Abstract:
Objectives: In recent years, extreme weather events have increased and sudden disasters have occurred frequently, which puts forward higher requirements for disaster emergency response. Once a disaster happened, information collection is the key to decision-making of response. With the rapid development of the Internet, social media platform has become an important source of emergency disaster information. However, social media platforms have a lot of duplication, errors and even malicious content in a short time. Social media content needs to be effectively screened through technical means to provide basis for accurate disaster emergency response.

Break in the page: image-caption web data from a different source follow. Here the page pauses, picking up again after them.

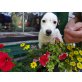 Jack-Russell-Terrier Welpen - Hündin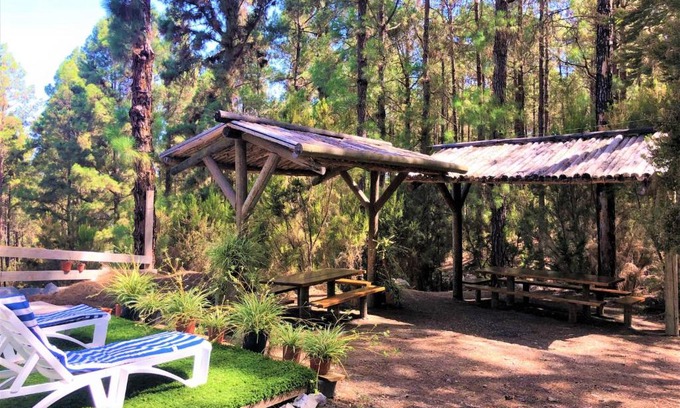 Icod de los Vinos House | Holiday Home Sendero floral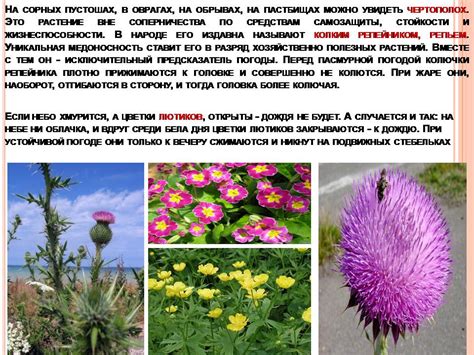 Растения – барометры - Презентации по биологии
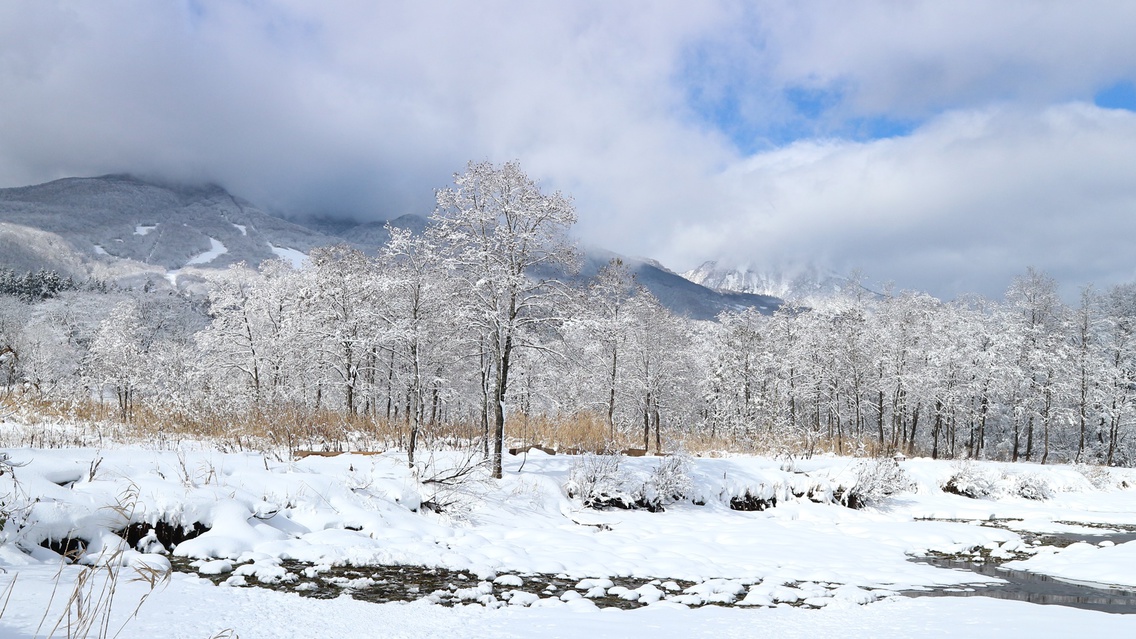 *周辺観光／イモリ池冬の風景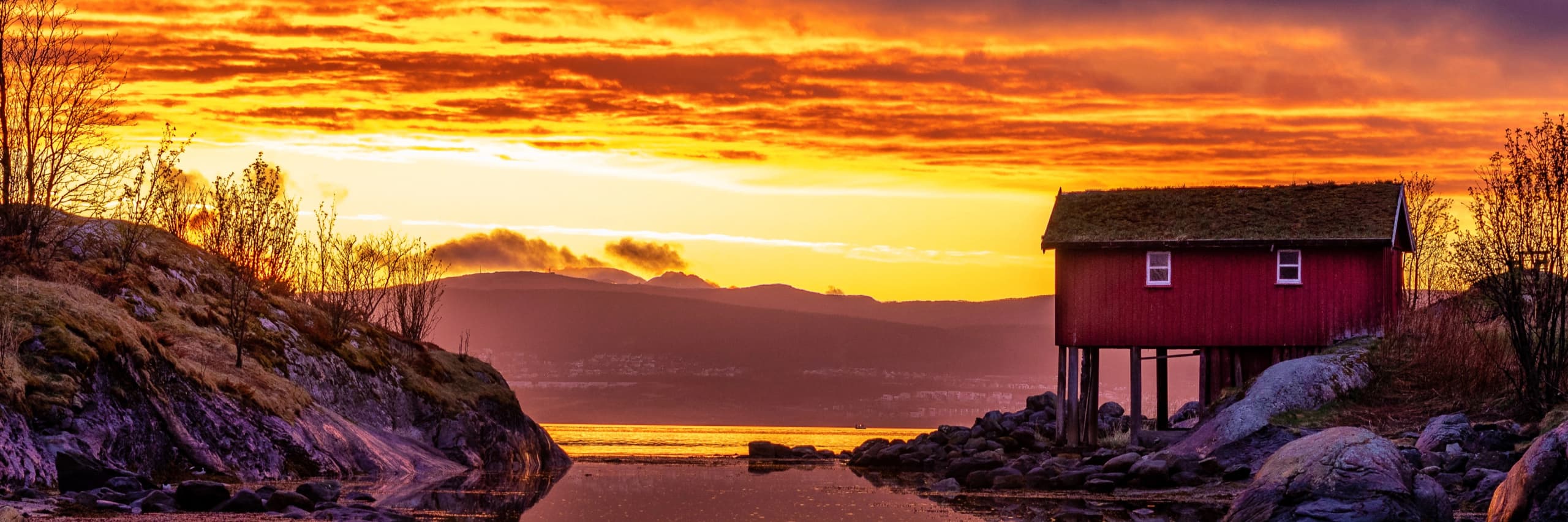 Why an Arctic Expedition Should Be on Your Bucket List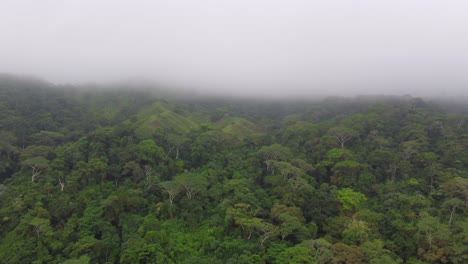 Aerial-image-of-a-large-environmental-preservation-area-in-Santa-Marta-at-dawn-in-Colombia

Methods: The development of deep learning greatly boosts the accuracy and the efficiency of text task. This study took earthquake disasters as an example, over 50K microblog data in the 72 hours after 5 major earthquakes in China during 2013-2022 were obtained. A multi-label classification model was built by transfer learning based on BERT pre-trained model. Each sample was manually marked as one or more of five types of labels: hazards information, loss information, rescue information, public opinion information and useless information.
Results: By fine-tune training, the classification accuracy of the model on the training set and the test set reached 95% and 91%, respectively. Single-label AUC score ranged from 0.952 to 0.998.
Conclusions: Both metrics proved the model is of high reliability. The model can be applied to the emergency management in sudden disaster events, which is conducive to rapidly assisting disaster judgment.